Quote 13
"No, I've made up my mind about it: if I'm Mabel, I'll stay down here! It'll be no use their putting their heads down and saying 'Come up again, dear!' I shall only look up and say, 'Who am I, then? Tell me that first, and then, if I like being that person, I'll come up: if not, I'll stay down here till I'm somebody else.'" (Wonderland 2.9)
Wonderland is a place of fluctuation and change. Alice determines to let her identity keep shifting until she's happy with it, and only then to return to the "real world" where identity is static.
Quote 14
She had had quite a long argument with her sister only the day before – all because Alice had begun with "Let's pretend we're kings and queens;" and her sister, who liked being very exact, had argued that they couldn't, because there were only two of them, and Alice had been reduced at last to say "Well, you can be one of them, then, and I'll be all the rest." (Looking-Glass 1.9)

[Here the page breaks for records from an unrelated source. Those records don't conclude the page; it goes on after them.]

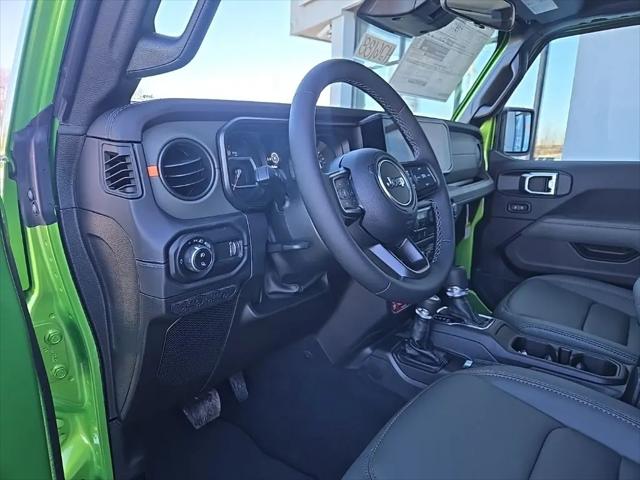 2026 Jeep Gladiator Sport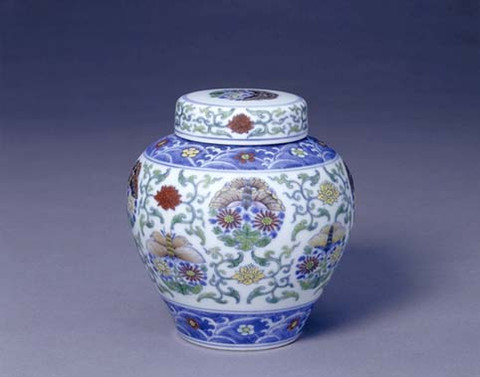 北京故宫馆藏陶瓷器赏析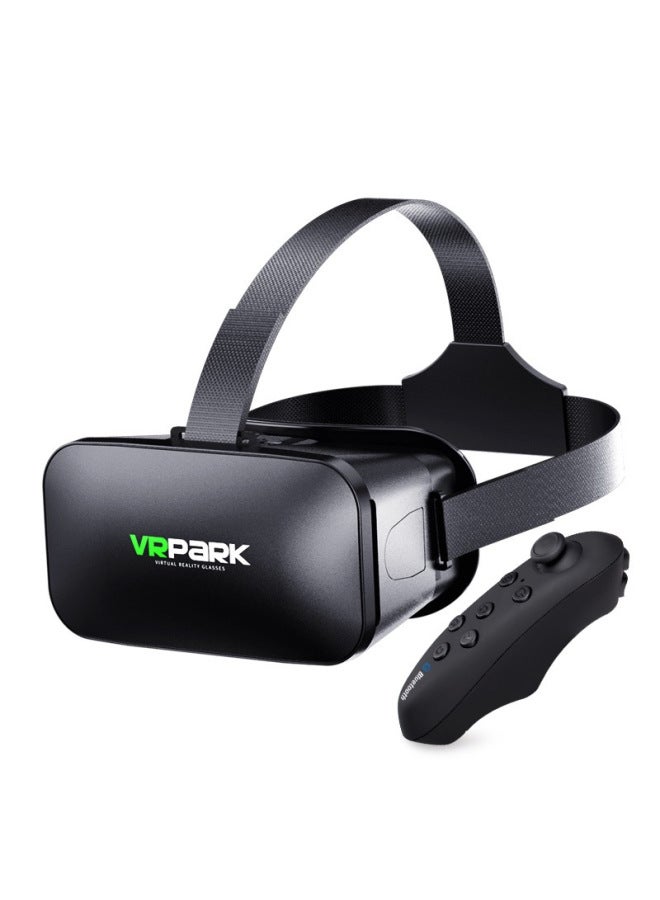 VRPARK New Vr Glasses Virtual Reality Box Helmet Smart Phone Somatosensory Game 3d Movie Glasses Explosions - Image 1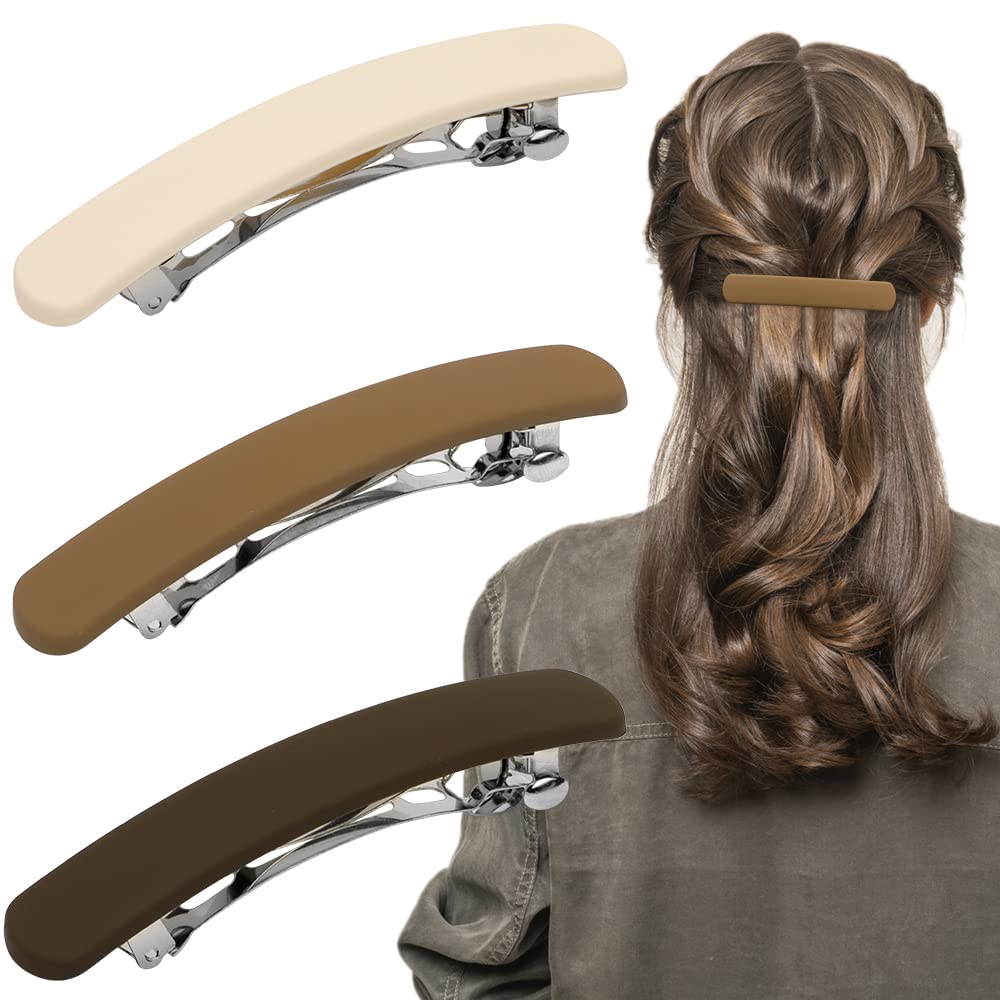 Different Types of Hair Clips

Alice's slightly older sister seems to have moved beyond the ability to imagine (or perceive) the crowd of personalities inside her. Alice, however, can still play more than one role with ease.
Quote 15
"This must be the wood," she said thoughtfully to herself, "where things have no names. I wonder what'll become of my name when I go in? I shouldn't like to lose it at all – because they'd have to give me another, and it would be almost certain to be an ugly one. But the fun would be, trying to find the creature that had got my old name! That's just like the advertisements, you know, when people lose dogs – 'answers to the name of "Dash": had on a brass collar' – just fancy calling everything you met 'Alice,' till one of them answered! Only they wouldn't answer at all, if they were wise." (Looking-Glass 3.64)
Alice imagines that her name and her person are separate but stable things; if they became separated, the name and the identity that went with it would still exist somewhere in the world.